So that is often a contractor, but sometimes it's an inside guy who will finish it.
It's not always the electrical engineer sometimes, but not usually.
Yeah, not usually.
And so it goes out for layout.
And then it goes out for fabrication.
And when we're doing this in a company, as soon as the schematic capture is finished,
maybe even a little before, you start kidding.
And we mentioned kidding before.
And I said it really should have capital letters.
Because it's hard the first time.
It seems easy.
It's just, you know, going shopping.
This is something not to work in the stereotype,
but I'm pretty good at it.
It's just a list of part numbers
and you just got to buy them all.
And you just got to buy them all
except Deja Key is good for 85,
maybe 95% of your parts
and then the other 5%
you have to go learn about everybody else.
Future Electronics wants you to order more of their parts
instead of getting them from Digi-Key.
And this vendor only will sell you these parts,
and this processor is only available from these other people.
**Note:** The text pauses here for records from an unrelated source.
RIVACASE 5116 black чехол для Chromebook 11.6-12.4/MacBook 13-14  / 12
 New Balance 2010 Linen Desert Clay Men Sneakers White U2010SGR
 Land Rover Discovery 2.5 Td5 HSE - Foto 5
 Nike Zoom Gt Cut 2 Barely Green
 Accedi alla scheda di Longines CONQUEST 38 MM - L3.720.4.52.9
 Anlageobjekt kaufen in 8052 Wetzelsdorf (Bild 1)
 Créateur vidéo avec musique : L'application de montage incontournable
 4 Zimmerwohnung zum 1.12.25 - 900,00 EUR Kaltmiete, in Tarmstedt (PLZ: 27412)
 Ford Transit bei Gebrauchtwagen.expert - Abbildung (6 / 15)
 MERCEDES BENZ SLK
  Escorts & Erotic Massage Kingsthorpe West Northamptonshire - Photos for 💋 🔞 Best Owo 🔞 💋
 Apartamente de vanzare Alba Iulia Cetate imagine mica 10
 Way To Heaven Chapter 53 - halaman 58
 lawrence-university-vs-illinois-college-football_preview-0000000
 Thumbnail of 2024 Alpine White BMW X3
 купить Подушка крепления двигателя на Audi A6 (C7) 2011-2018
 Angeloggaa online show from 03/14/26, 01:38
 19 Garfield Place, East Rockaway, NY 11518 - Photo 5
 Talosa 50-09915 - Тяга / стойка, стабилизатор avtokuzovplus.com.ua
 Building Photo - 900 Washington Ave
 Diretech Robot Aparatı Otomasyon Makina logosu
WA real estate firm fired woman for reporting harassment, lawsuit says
And so you end up buying from a whole bunch of people,
and then you get the parts parts and you realize you didn't
get the right parts or there are companies like samtech which make excellent connectors of various
sorts but they literally ordered well they literally only manufacture them when you order
them they they don't carry inventory of a lot of their parts and part of that is because they have
you know a million different combinations of part numbers they couldn't reasonably pre-manufacture
these things so they so they make them on demand or they have a very small inventory that they use
for samples and it's a lot like cooking where you're cooking a long-term thing a short-term
thing and you need them to come out at the same time and so kitting needs to all be done as soon
as pcb is is complete exactly and so you have to order your connectors and
you know, you have designed
this great memories
subsystem into your whole
thing and it worked as a prototype.
That was only because you got the one sample and now they're not
planning on fabricating that
chip until November of next year.
Exactly.
Kidding was hard.
And it's really frustrating, you know, when you're,
when you're on a fast track design, you, you expedite the, the fabrication of your PCBs
because you absolutely positively have to have your prototypes right away. And then you can't
get some components. And so you've paid extra money to get your boards made quickly, and then
you can't do anything with them. Yep. Sitting around waiting for the part to come in. You
almost, I mean, you kind of have to start kidding when before you finish your schematic because you need to know if there are any unavailable
parts so you can replace them at that time yes um and yet it doesn't feel that way it feels like oh
we'll do the schematic and then we'll do the layout we'll start pcb fab and then we'll start
buying parts because that's makes sense but i've gotten
burned a couple times but availability of parts often defines what i'll put in a design i will i
will when i when i have a choice of parts i will go to digikey and simply click the little in stock
filter and that will often decide for me which part i'm going to use well they have six thousand
of this part and there's a six week lead time on this other part I'm going to use. Well, they have 6,000 of this part and there's a six-week lead time on this other part.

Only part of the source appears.